As a start to this journey, as in a marriage (from last week) the first major hurdle is to simply say "yes."  But a "Yes" that is not "OK", not assent, not compliance or obedience, not a "Yes, I'll give this a go." We are talking here of a "Yes, I am getting into this raft that is unalterably going through the white water rapids of the Colorado River with no opportunity to change my mind".  There is simply no way for you to make progress in a marriage or in your relationship with Christ if you don't commit.  One may think we can dance with Christ and gradually get to know Him well but this is simply not true.  There is something critical about a decision.  The honeymoon is wonderful and the flutters a delight...but fleeting.  There are difficult things to deal with as the journey together becomes longer and authentic.  Unless you have committed to each other to press through those difficult times of learning to love, you can never experience true marriage or true Christianity. 
    In our spiritual walk, the beginning can be easy and exciting and one can continue to walk without a commitment not even realizing that we are not even true friends with our walking partner.  But, most people will realize at some point that the relationship is stale, stagnant or boring or unfulfilling.  Often then one looks for a new relationship.  We all know people who hop from relationship to relationship because they cannot find "the" one.  Generally, it is because they refuse to commit.  If we stay in the relationship, we soon realize that we are being asked to change, to pay attention to someone else, to become someone different than we are, to sacrifice some things, in Jesus' words, to die to ourselves.  This time in our life pivots on the decision we made.  What I am finding in my conversations with many people is that those who think they have committed to Christ have often based their decision on an idea that Christianity will be good for them and their family, a good practical decision, will provide a good return for their investment, Jesus is true but true because He makes life better.  I have even heard this preached - that if you give to Christ you will get back more than you give.  Nice tooth-fairy theology but hardly Christ's.  And as often I hear people begin to doubt Christ.  Their expectations are not being met so where is He?  So... there are two critical components to the "Yes" that is required by Christ.  One is that you are convinced that you are getting married for good.  You are marrying, not the person but the relationship, marrying marriage as it were.  The second depends on the first.  You are deciding that, "yes," you will give up your welfare, your agenda, your dreams for the other person. 
    If you are not a Christian then take a moment to decide whether Christ is God.  If He is God, then you have another choice to make...will you follow Him.  If you are a Christian - or have thought yourself to be one - then your next step in your growth as a disciple is to give yourself up to Him for ever, despite how you feel and despite what may come.  You must decide that you will ride these rapids out - and better put, you will make sure the raft makes it through the rapids no matter what happens to you.  Everything does get better if you stay with this.  Everything but your life and circumstances. 
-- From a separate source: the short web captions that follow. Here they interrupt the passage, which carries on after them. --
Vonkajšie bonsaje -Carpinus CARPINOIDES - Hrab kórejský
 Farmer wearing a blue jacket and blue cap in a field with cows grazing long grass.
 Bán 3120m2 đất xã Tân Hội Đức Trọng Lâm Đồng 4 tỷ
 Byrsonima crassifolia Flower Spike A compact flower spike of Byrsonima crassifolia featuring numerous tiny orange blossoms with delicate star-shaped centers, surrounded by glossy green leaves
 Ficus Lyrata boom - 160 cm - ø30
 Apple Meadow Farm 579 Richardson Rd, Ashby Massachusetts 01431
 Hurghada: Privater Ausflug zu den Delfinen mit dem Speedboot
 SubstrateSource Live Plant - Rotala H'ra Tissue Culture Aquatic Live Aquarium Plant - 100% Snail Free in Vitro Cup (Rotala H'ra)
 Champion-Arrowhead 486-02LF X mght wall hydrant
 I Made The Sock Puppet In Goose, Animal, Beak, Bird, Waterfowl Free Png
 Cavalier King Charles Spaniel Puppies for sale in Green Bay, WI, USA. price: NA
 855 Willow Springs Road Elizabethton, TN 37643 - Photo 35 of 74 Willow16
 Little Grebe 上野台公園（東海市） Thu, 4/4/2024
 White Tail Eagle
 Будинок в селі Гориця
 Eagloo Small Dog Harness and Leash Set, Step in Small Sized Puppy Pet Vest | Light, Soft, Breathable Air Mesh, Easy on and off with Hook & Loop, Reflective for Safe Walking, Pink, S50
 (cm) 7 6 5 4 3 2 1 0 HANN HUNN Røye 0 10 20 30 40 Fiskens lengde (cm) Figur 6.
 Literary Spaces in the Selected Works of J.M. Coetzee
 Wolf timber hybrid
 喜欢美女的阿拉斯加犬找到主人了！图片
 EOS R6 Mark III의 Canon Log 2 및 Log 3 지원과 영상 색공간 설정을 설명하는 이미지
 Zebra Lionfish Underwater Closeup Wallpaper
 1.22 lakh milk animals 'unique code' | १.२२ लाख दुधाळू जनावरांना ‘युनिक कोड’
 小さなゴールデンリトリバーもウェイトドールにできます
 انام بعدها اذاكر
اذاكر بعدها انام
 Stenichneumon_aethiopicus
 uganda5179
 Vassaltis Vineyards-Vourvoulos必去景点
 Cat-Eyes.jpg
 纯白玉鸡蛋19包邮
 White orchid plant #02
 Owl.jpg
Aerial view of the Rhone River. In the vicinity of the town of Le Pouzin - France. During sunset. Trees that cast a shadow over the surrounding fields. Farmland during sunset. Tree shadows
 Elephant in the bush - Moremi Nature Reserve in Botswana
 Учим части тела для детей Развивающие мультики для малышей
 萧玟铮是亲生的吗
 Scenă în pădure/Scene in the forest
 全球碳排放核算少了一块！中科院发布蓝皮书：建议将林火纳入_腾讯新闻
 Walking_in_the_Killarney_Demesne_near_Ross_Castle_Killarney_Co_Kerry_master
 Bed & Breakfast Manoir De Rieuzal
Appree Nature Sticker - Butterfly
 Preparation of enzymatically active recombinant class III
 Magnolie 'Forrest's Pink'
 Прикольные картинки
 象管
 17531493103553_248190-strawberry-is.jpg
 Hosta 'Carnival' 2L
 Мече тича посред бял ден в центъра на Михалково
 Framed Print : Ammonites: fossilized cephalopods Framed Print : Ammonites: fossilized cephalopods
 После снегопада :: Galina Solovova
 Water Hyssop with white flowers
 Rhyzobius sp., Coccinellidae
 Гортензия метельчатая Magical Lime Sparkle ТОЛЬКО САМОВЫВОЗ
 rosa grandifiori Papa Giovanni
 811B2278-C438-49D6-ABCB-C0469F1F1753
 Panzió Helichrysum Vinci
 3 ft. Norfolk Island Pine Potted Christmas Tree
Wednesday, January 15, 2014

Formation Sermon 1

In order for any of this to make sense we have to have an understanding that formation is a process.  If you believe that being a Christian is an event, only a wedding if you will, then formation doesn’t make sense.  Ben Johnson, professor emeritus at Columbia Theological Seminary states that our relationship with Christ does not grow, that we do not grow closer to Christ but that our relationship only becomes different.  The relationship with Christ changes, he contends, but this ”does not mean improvement.”  He even uses the example that his marriage is different now but is not better than it was on their wedding day.  How sad.

If our relationship with Christ is not improving, getting better, then it is dying.  As with any relationship, there is no middle ground.  So we have to have this understanding that there are stages of actual growth, there are mature and immature Christians  We are all un-formed Christians but some of us are less formed than others.  This is easy to see in children but adults have a harder time thinking that they are immature or need to grow. 

To return to the wedding/marriage analogy, my position at St Johns is like a marriage counselor for your marriage to Christ.  A wedding is a great thing and it is critical to make a public statement of fidelity to your wife.  Making a public confession of Christ is critical, but, as with marriage, is there more?  Are marriage preparation and marriage quality an issue?  In his book, Unchristian, Kinneman’s research shows that 85% of Americans state that they have made a public profession for Christ.  Now, only about 30% of the population says they attended church “last weekend” so where are the other 55% of believers.  Obviously we have a lot of “wedding” Christians with little or no marriage.  So….
How are you doing?  Is Christ there for you, walking with you through the tough spots that you can’t handle on your own?  You obviously participate in church since you are here.  And most of us are involved in a Bible study or Sunday School class.  Jesus has an impact on who you are and how you act.  Got your ticket and you're done? 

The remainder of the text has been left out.